The 508 victims will receive between $100,000
and $4m each in compensation [Reuters]


The leader of the largest US Roman Catholic archdiocese has apologised for what he called a "terrible sin and crime" as the church said it would pay a record $660m to people who were sexually abused by priests.

Facing trial on Monday over abuse allegations dating as far back as the 1940s, the archdiocese led by Cardinal Roger Mahony agreed to pay 508 victims the largest-ever group settlement on Sunday.

"I have come to understand far more deeply that I ever could the impact of this terrible sin and crime that has affected their lives," Mahony said.
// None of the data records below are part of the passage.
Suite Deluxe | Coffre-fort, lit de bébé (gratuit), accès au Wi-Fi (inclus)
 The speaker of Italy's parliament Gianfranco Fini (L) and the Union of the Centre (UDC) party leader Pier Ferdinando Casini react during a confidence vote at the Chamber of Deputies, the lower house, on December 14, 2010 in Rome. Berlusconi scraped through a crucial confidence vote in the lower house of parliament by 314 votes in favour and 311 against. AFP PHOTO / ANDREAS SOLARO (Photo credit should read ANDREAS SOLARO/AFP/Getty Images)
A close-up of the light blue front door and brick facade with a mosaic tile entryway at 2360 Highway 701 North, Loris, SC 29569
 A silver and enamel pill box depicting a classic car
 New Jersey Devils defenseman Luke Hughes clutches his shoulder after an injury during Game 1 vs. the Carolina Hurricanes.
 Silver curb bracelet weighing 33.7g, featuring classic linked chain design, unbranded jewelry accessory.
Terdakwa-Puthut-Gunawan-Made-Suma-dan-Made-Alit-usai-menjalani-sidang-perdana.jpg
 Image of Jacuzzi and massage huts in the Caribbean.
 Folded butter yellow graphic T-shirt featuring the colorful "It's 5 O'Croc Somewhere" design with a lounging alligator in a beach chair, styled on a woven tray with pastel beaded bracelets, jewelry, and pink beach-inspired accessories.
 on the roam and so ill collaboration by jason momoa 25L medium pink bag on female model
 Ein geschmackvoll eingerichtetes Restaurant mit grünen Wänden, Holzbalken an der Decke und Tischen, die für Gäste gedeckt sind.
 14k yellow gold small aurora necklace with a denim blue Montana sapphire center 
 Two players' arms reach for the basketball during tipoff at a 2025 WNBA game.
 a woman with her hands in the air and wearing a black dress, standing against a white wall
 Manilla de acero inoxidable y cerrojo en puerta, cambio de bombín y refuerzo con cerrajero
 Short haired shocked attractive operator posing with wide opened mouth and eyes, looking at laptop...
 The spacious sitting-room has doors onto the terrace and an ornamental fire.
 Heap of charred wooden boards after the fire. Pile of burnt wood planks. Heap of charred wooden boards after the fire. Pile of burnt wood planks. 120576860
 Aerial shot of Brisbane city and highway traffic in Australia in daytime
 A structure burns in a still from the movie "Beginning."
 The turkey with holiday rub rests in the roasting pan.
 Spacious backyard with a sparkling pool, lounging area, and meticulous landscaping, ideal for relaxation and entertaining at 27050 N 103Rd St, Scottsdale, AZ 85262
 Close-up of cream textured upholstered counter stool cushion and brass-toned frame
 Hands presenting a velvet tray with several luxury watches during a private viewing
"There really is no way to go back and give them that innocence that was taken from them," he said. "I apologise to anyone who has been abused. It should never have happened and it should never happen again."

Disclosure

Jeff Anderson, a lawyer representing alleged victims of abuse, told Al Jazeera that as part of the settlement, the archdiocese agreed to disclose files allegedly documenting the abuses, indicating that the leadership knew of the crimes.

He said the archdiocese had settled to avoid the scrutiny it would have received during trial.

Victims allege Mahony did not deal properly with complaints against priests of abuse, and the settlement spares him difficult questions in court.

Barbara Blaine, founder of the Survivors Network of those Abused by Priests, said "Cardinal Mahony and other church leaders would have had to take the witness stand under oath and tell the truth about how much they knew and how little they did with that knowledge to protect the children".

"What we would have seen is the horrors with the reality that hundreds of children were sexually assaulted, raped, sodomised by priests when the leadership of the church knew."

The settlement was the latest chapter in a clergy abuse scandal that has rocked the Roman Catholic Church worldwide, damaging its reputation and causing five US dioceses to seek bankruptcy protection.


http://english.aljazeera.net/mritems/images/2007/7/16/1_224384_1_3.jpg
Victims allege Mahony did not deal properly
with complaints against priests [Reuters]

Mixed reaction

Some victims say the money will not ease their physical and emotional suffering.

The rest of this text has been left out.